• EXERCISE DESCRIPTION: Exact retyping of the data: please keep every word and drop each picture.

Stored entries:
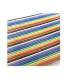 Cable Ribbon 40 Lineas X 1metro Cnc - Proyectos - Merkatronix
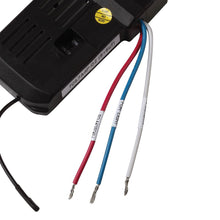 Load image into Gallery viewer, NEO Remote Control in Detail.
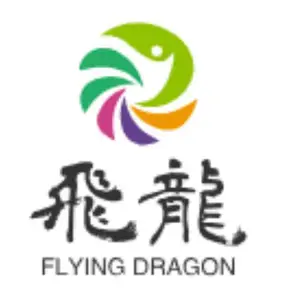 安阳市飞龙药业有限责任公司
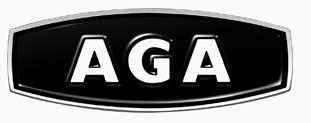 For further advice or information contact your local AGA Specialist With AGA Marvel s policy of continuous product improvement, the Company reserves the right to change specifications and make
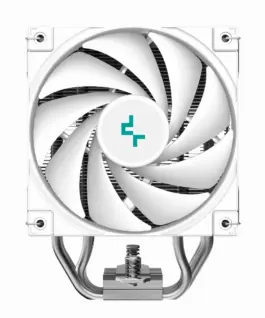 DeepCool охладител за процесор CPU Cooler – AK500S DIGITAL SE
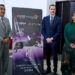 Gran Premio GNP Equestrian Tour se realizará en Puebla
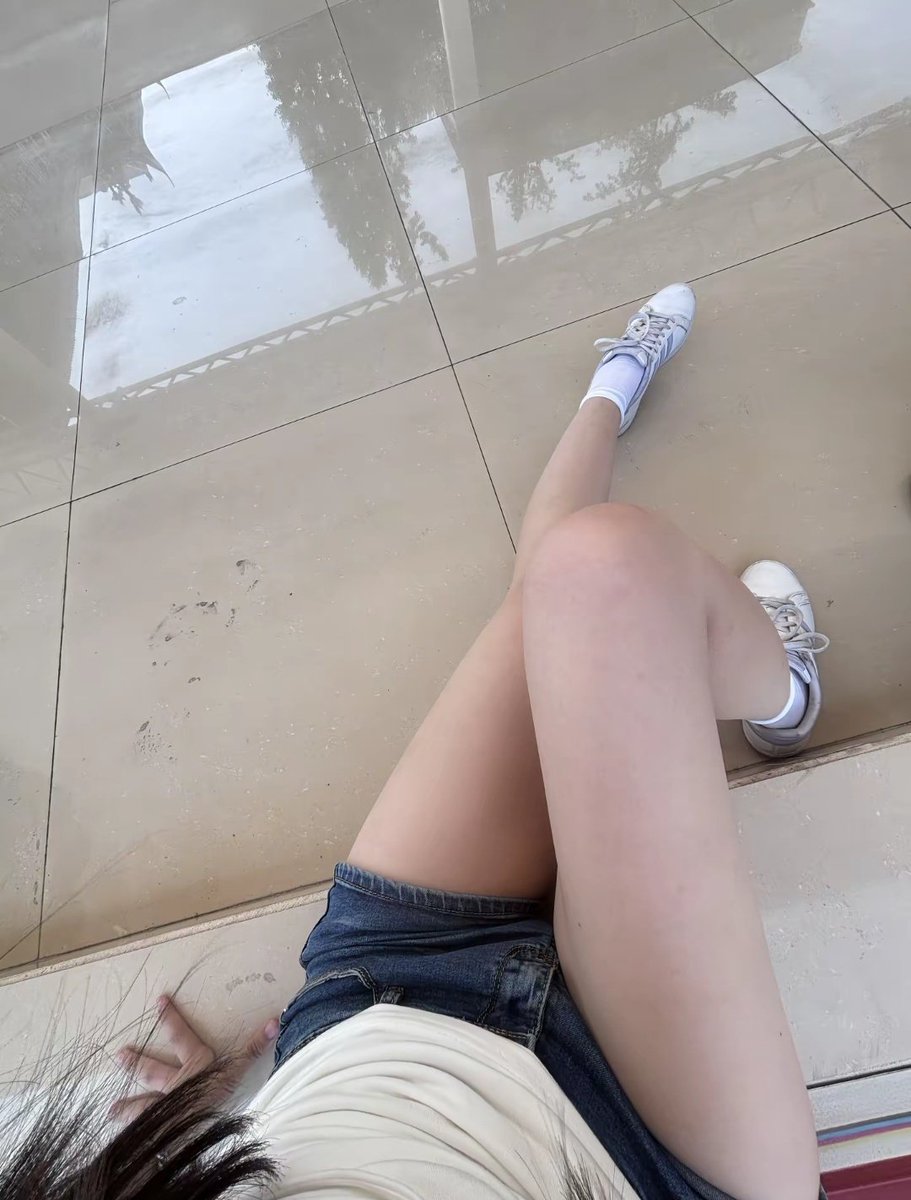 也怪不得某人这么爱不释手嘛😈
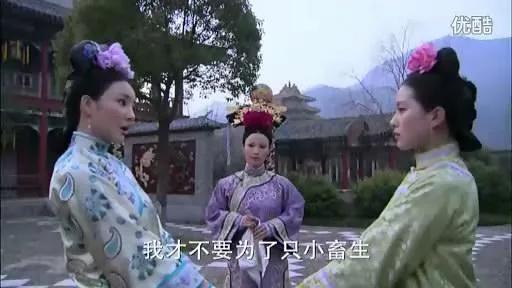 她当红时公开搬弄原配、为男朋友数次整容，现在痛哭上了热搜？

• OUTPUT OF THE TASK:
 Cable Ribbon 40 Lineas X 1metro Cnc - Proyectos - Merkatronix
 Load image into Gallery viewer, NEO Remote Control in Detail.
 安阳市飞龙药业有限责任公司
 For further advice or information contact your local AGA Specialist With AGA Marvel s policy of continuous product improvement, the Company reserves the right to change specifications and make
 DeepCool охладител за процесор CPU Cooler – AK500S DIGITAL SE
 Gran Premio GNP Equestrian Tour se realizará en Puebla
 也怪不得某人这么爱不释手嘛😈
 她当红时公开搬弄原配、为男朋友数次整容，现在痛哭上了热搜？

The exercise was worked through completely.